Had it been a less experienced golfer, there might have been a collapse, but Storti stayed strong.
“I was staying calm and relaxed, and very level-headed. It’s kind of just how everything worked.”
Storti stepped up to the tee for the same pre-shot routine she used every time, calm and collected. She hit her shot well, over the water hazard and onto the green. On the next stroke, she put the ball in the hole for a birdie. Like a surgeon moving methodically through an operation, she moved on to hole 16, a straightaway, and birdied it as well.
“I was doing a lot of positive self talk throughout a lot of the back nine. Once I had those back-to-back birdies, I pretty much knew what I was shooting on the back,” she said. “I made the turn and it was my last hole, and I just told myself you have this shot right here. Don’t focus on the outcome, don’t focus on anything else. Just finish out this hole and figure out what you shot after.”
Without anything in her mind but technique, Storti sank the last hole with precision, finishing her round with another 76 and matching the day before.
“First of all I was really happy with how I did. I really knew that that’s how every single round of golf should feel because I was just so level headed. I knew exactly what I was doing. If I had a bad shot I had a bad shot, and just came back the next shot or the next hole.”
Still, Storti didn’t know how she compared to her opponents.
“I was actually tied for first place with a girl who is one of our biggest rival schools, UW-Stout,” said Storti. “I didn’t really know if I was going to win, if I won the scorecard play-off.”
Once all golfers have completed their round, the judges post winners on a large leaderboard.
“When they were putting up everyone’s score I was just paying attention to what they were doing with the other girl and I,” said Storti, as excitement grew in her voice. “I eventually saw that they put first place by my name and then I knew that I won the scorecard playoff. I was just really really excited.”
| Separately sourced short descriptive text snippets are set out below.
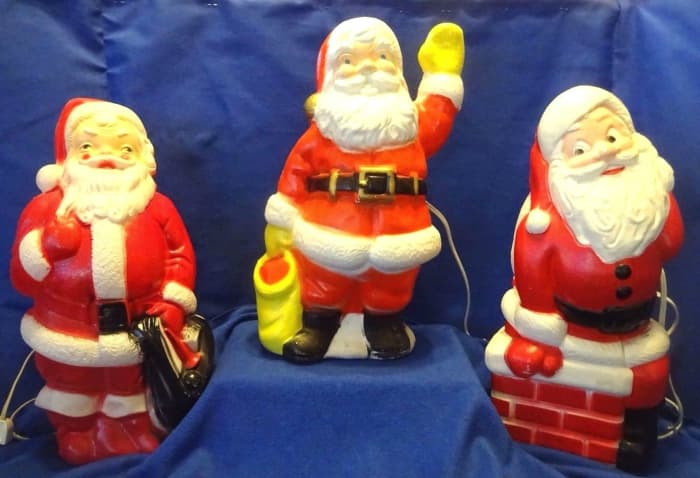 The Empire Santa has the black bag, he was made in 1968. The Santa with the yellow glove and yellow bag has no maker mark. Happy little Santa Claus sitting on the chimney is made by the world famous General Foam Plastic back in the late 1960's.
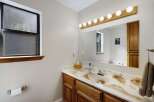 This bathroom features a stylish vanity with a unique countertop design and wooden cabinets.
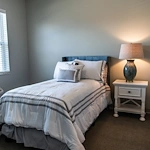 Comfortable bedroom with large window and cozy decor at Charter Senior Living of Hopkinsville in Hopkinsville, KY, designed for assisted living and memory care residents.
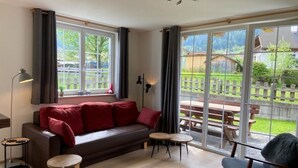 Ein gemütliches Wohnzimmer mit einer Couch, zwei kleinen Tischen und einem Sessel. Große Fenster bieten Blick auf eine Holzterrasse und ein Haus.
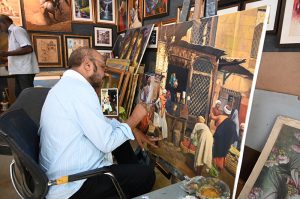 An artist busy in artwork at his setup in Lok Virsa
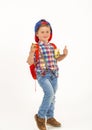 Boy with cap and backpack with fruit in his pockets Royalty Free Stock Photo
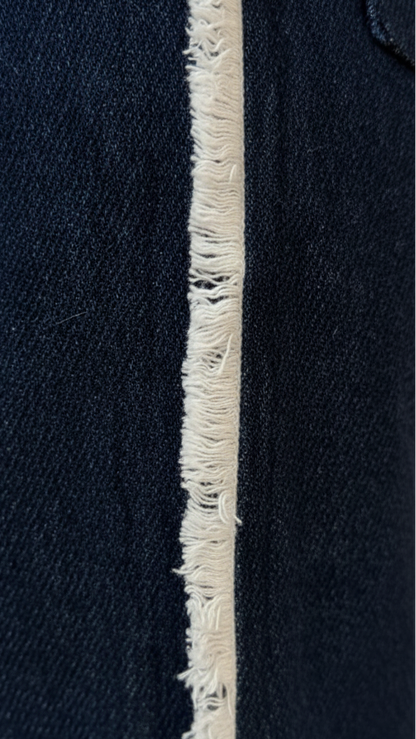 Close-up of a navy blue fabric with a white frayed edge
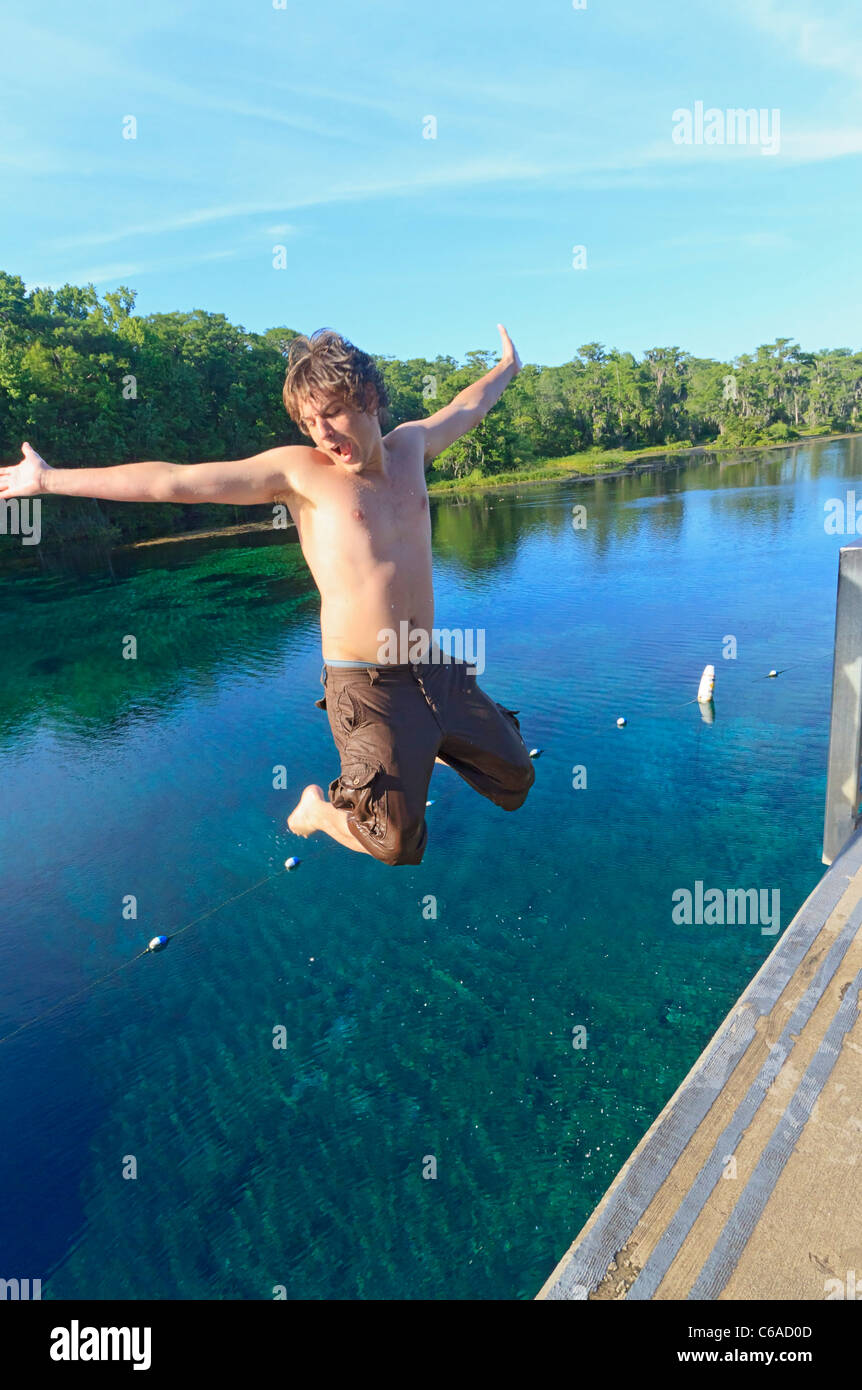 Young man jumps into Wakulla Spring from high platform Stock Photo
Winning a championship is something every athlete dreams of, and when Storti finally earned her first major championship, it made her journey all the more sweet. Her first thought was simple:
“This is everything that I worked for,” she said. “I’ve been playing golf for years. Since 8th grade. All of the hard work all of the time, all of the practice hours, everything, lessons. All of that has worked up to now this. And this is what I live for, that championship.”